Incorrect Drew. The original assertion was that a Home Depot
employee reported that if a customer did not complete a survey, the
employee was subject to disciplinary action. That is completely
different from anything you've suggested.

How is "customer did not complete a survey" completely different
from "what the customer decides to do"?

I'm not certain what you think I've suggested. I've only said that
evaluating employees based on success at pushing the survey is no
different from evaluating the employee for success at suggesting
meal add-ons.


Correct - but that is evaluation of a task assigned which is within
the control of the employee. A reasonable expectation. What had
been reported here is that Home Depot was threatening to write up
employees if customers did not complete some survey. That is an
entirely different thing.


How would you evaluate "success at pushing the survey," which you
agreed with above, if not based on whether the customer participates
in the survey?


Direct observation. That is the only reasonable way to measure this. To
rely upon the response rate of the customer is at best, very inaccurate.


Pushing
a survey is one thing but it is something entirely different to hold
an employee responsible for a survey that a customer completes in
the privacy of their own home, after visiting a Home Depot, on-line.
Or even in the store for that matter.

If a company rewards employees for achieving levels of customer
surveys, that is one thing. It is something completely different if
they punish employees when customers do not complete the survey.

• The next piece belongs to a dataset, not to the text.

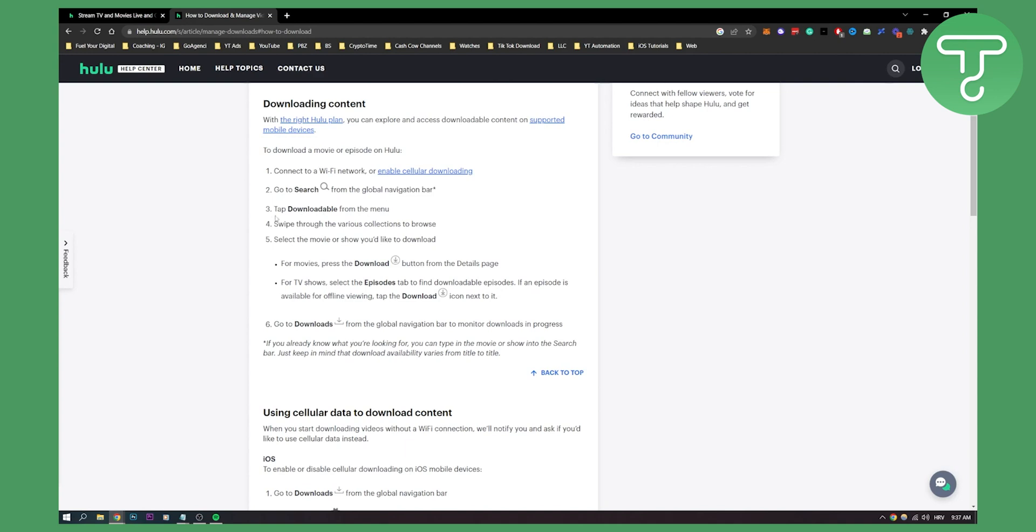Here you can swipe through the various collections to browse, and once you select the movie or show, you can select an episode that you want to download.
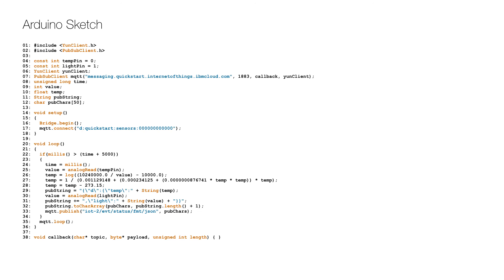The Arduino code or sketch looks like this. After the initial includes, constants for the two analog input pins are defined on lines 4 and 5. The MQTT client object is defined and created on line 6 and 7, followed by the declaration of a number of variables on line 8 to 12.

They are different ends of the same stick. You reward the employee
by assigning hours, while the non-rewarded employee has few or none.
You reward the employee with a pay increase, while the non-rewarded
employee keeps a pay rate that falls behind inflation.


You are missing the point. Neither of those is a direct punative action.
Those are both quite different from writing an employee up. They may result
in the same thing in terms of pay raise, but the write up has the added
weight of counting towards termination actions, for cause.

Anyway, I entered this because you were claiming that using survey
metrics in employee evaluations was impossible. I believe all that
can be said on that claim has been said.


I believe I said something more like nearly impossible, or the likes. I
didn't think I was as absolute as you are stating - but I haven't gone back
to look at my own words so I'm not even sure myself. In reality, they are
impossible to use in any meaningful way since the employee has no control
over the outcome. Even if he/she pushes the survey, there is no control
over the customer's decision. Furthermore, there is no way to understand
why the customer failed to complete a survey - it could have been over some
issues the customer has with the store, despite their wishes to otherwise
help out an employee. Saying that it is impossible to use in any meaningful
way is not the same as saying it can't be done - of course it can be done,
the store simply decides to do it. It's still impossible to measure what
that response rate indicates, simply by the rate itself.